AutoML Guide

Published on December 25, 2025

SynapCores AutoML Guide

Build powerful machine learning models directly in SQL without writing any Python code.

Overview

SynapCores AutoML provides comprehensive options for creating machine learning experiments through SQL syntax.
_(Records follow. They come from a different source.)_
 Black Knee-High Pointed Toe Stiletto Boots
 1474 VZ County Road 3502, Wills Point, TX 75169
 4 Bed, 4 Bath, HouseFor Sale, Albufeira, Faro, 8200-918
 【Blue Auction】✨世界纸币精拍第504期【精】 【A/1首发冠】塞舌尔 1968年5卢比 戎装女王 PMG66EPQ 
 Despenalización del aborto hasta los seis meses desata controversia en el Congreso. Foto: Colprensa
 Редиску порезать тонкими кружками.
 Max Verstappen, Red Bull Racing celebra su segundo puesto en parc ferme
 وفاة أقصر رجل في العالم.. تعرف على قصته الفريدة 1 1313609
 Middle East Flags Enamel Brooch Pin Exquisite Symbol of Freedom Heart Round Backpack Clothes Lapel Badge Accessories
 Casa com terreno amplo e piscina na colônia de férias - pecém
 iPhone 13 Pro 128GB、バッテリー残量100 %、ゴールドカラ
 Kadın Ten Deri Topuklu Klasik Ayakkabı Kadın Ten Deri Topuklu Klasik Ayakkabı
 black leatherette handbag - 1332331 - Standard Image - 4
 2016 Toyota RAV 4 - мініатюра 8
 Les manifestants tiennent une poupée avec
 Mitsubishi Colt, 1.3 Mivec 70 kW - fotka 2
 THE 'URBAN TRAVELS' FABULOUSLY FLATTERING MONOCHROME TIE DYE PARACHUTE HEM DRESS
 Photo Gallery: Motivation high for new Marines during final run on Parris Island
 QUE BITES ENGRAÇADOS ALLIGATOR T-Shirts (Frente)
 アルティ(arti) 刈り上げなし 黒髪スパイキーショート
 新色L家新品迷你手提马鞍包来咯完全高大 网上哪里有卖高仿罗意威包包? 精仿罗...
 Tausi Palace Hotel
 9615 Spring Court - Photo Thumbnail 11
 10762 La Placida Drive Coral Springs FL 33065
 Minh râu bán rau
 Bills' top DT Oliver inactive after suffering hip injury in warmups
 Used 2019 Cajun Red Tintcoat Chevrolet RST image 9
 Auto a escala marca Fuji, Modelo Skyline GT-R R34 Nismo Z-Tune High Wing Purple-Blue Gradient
Train, tune, and deploy production-ready models using familiar database commands.

Task Types

Task Type Description Default Metric
regression Continuous value prediction R-squared
binary_classification Two-class classification AUC
classification/multiclass Multi-class classification Accuracy
clustering Unsupervised grouping Silhouette Score
anomaly Anomaly detection F1 Score
time_series Time series forecasting MAPE

Creating AutoML Experiments

Basic Syntax

Option 1: AS Syntax

CREATE EXPERIMENT <experiment_name> AS
<SELECT_query>
WITH (<options>)

Option 2: USING Syntax

CREATE EXPERIMENT <experiment_name>
USING (<SELECT_query>)
TARGET <target_column>
OPTIONS (<options>)

Configuration Options

General Options

Option Type Default Description
task_type string 'binary_classification' Type of ML task
target_column string Required Column to predict
max_trials integer 100 Maximum training trials
time_budget_minutes integer 60 Maximum time budget
validation_split float 0.2 Validation data proportion
cv_folds integer 5 Cross-validation folds
optimization_metric string Task-dependent Metric to optimize
ensemble boolean true Create ensemble models
early_stopping_patience integer 10 Trials without improvement
random_seed integer 42 Random seed for reproducibility

###Available Algorithms

  • 'linear_regression' - Linear Regression
  • 'logistic_regression' - Logistic Regression
  • 'decision_tree' - Decision Tree
  • 'random_forest' - Random Forest
  • 'gradient_boosting' - Gradient Boosting
  • 'xgboost' - XGBoost
  • 'neural_network' - Neural Network
  • 'knn' - K-Nearest Neighbors
  • 'naive_bayes' - Naive Bayes
  • 'svm' - Support Vector Machine

Algorithm Selection Strategies

  • 'all' - Try all available algorithms
  • 'fast' - Only fast algorithms (linear models, decision trees, naive bayes, knn)
  • 'accurate' - Only highly accurate algorithms (random forest, gradient boosting, xgboost, neural networks)
  • 'interpretable' - Only interpretable algorithms (linear regression, logistic regression, decision trees)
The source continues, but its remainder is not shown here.